TASK:
Extract exactly and only the lines from the one containing "Paarse Iris Boeket" through the end of the entries below. Pictures should not appear in the copy.

Short text fragments from websites:

::::::::

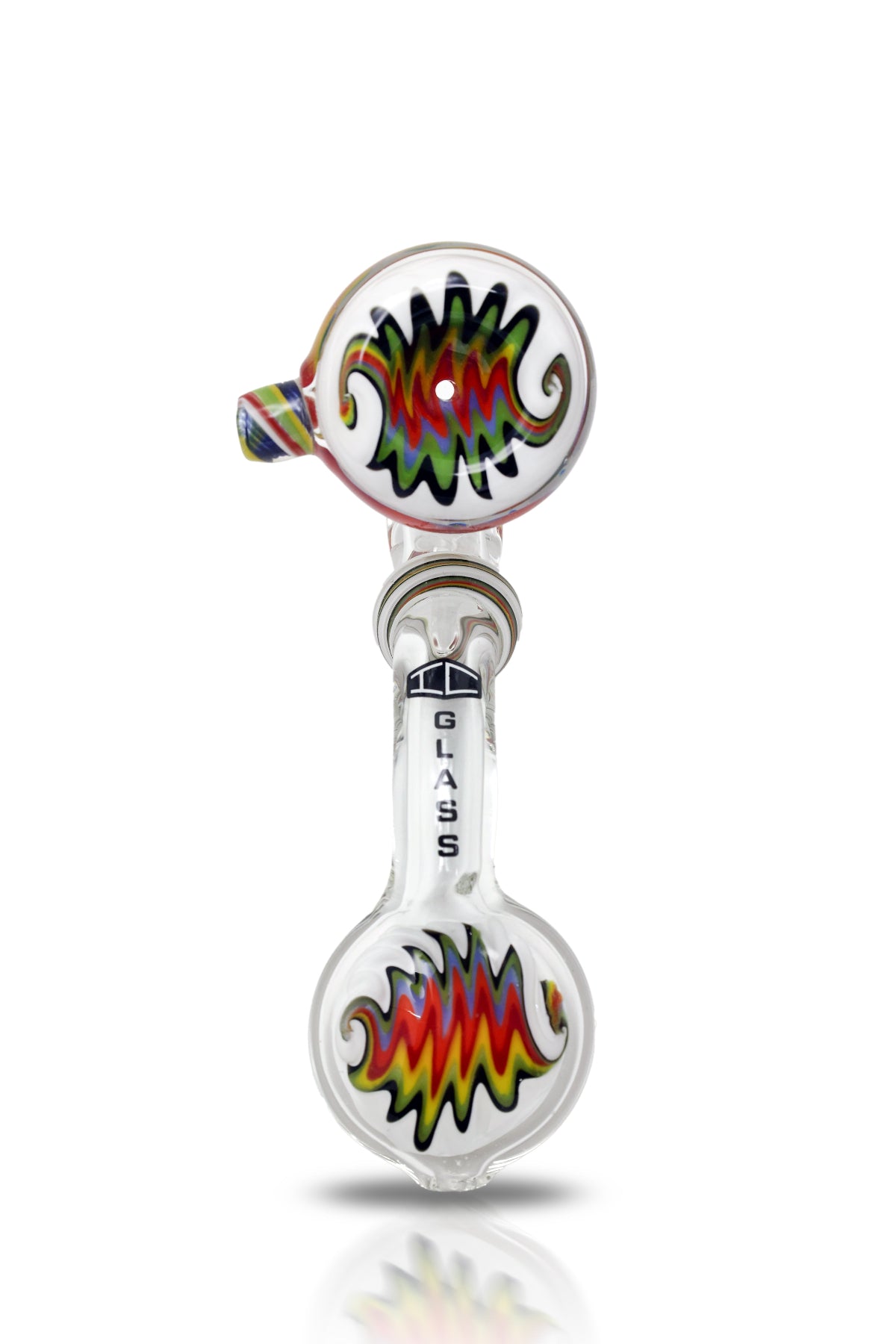 Glass weed pipe with flat mouthpiece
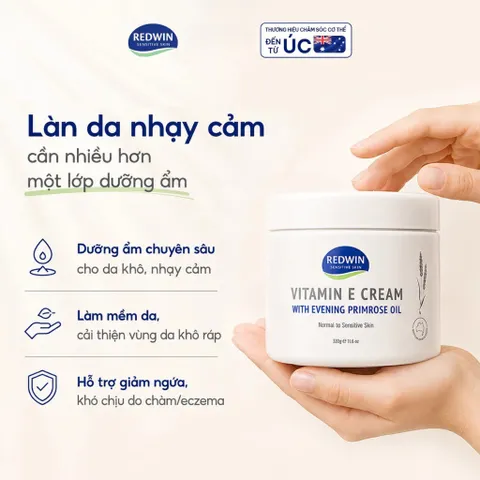 Combo Dưỡng Ẩm Chuyên Sâu Redwin Kem Dưỡng Ẩm Vitamin E Cream 330g & Sữa Dưỡng Thể Vitamin E Body Lotion EPO 400ml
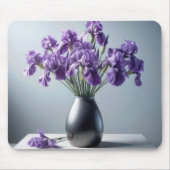 Paarse Iris Boeket in Tin Vaas Muismat (Voorkant)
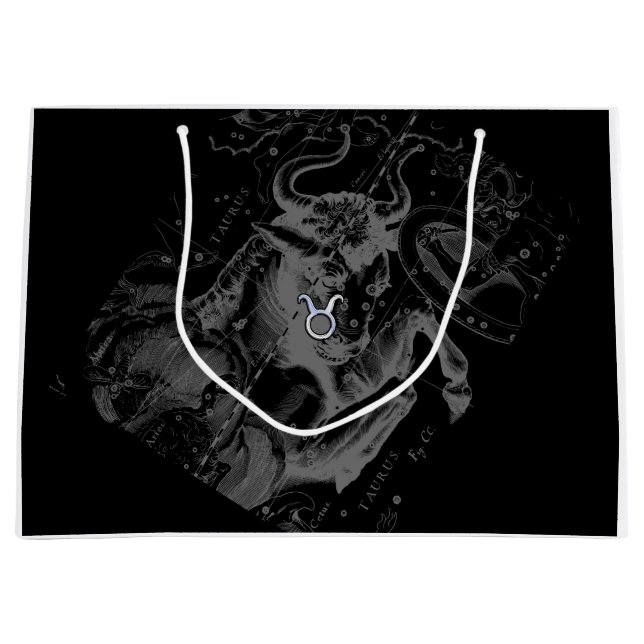 Chrome Taurus Zodiac Sign on Hevelius Style Large Gift Bag (Front)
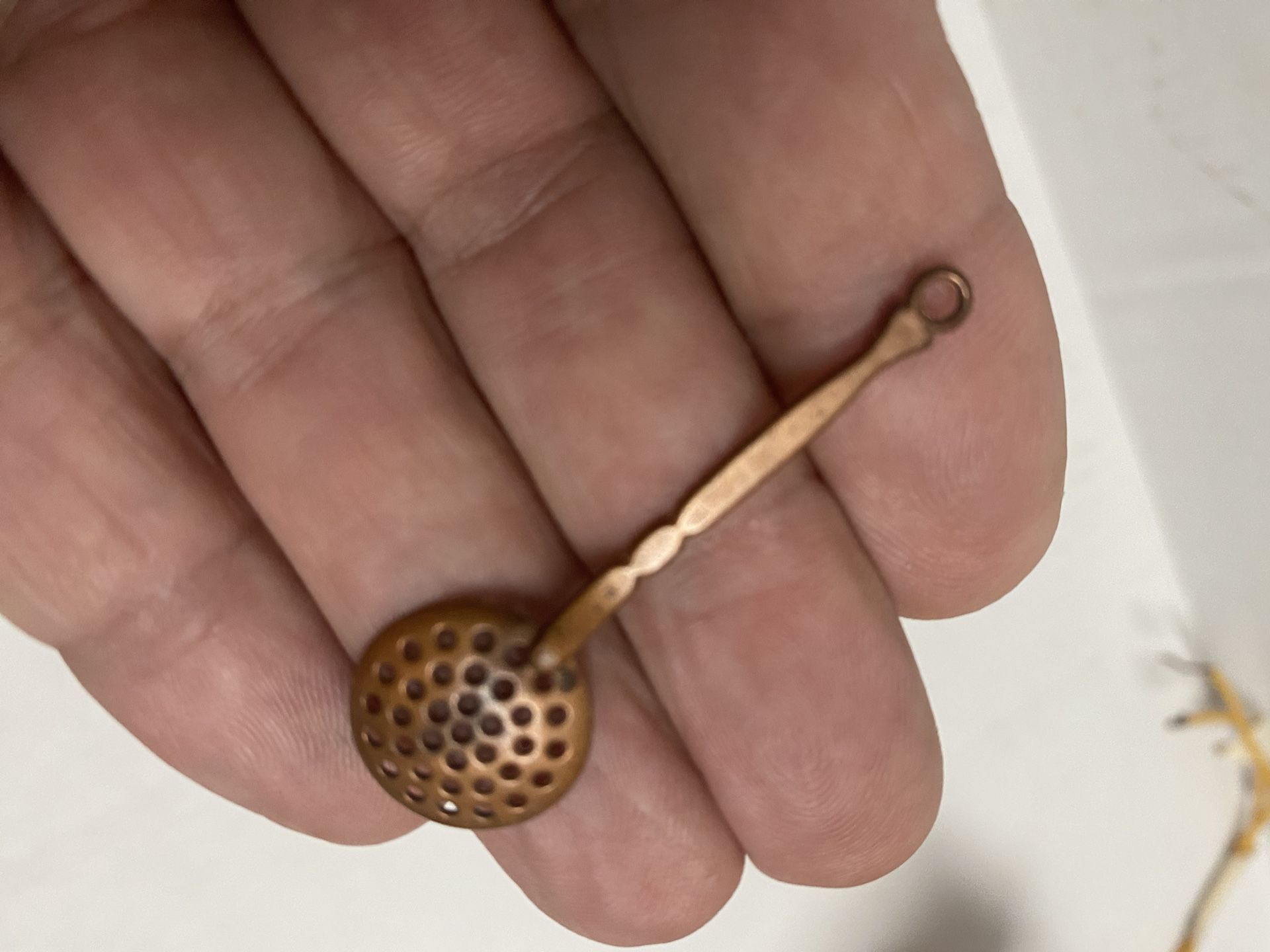 Vintage Antique Copper Kitchen Drain/strainer Spoon Miniature For Doll House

::::::::

WRITTEN ANSWER:
 Paarse Iris Boeket in Tin Vaas Muismat (Voorkant)
 Chrome Taurus Zodiac Sign on Hevelius Style Large Gift Bag (Front)
 Vintage Antique Copper Kitchen Drain/strainer Spoon Miniature For Doll House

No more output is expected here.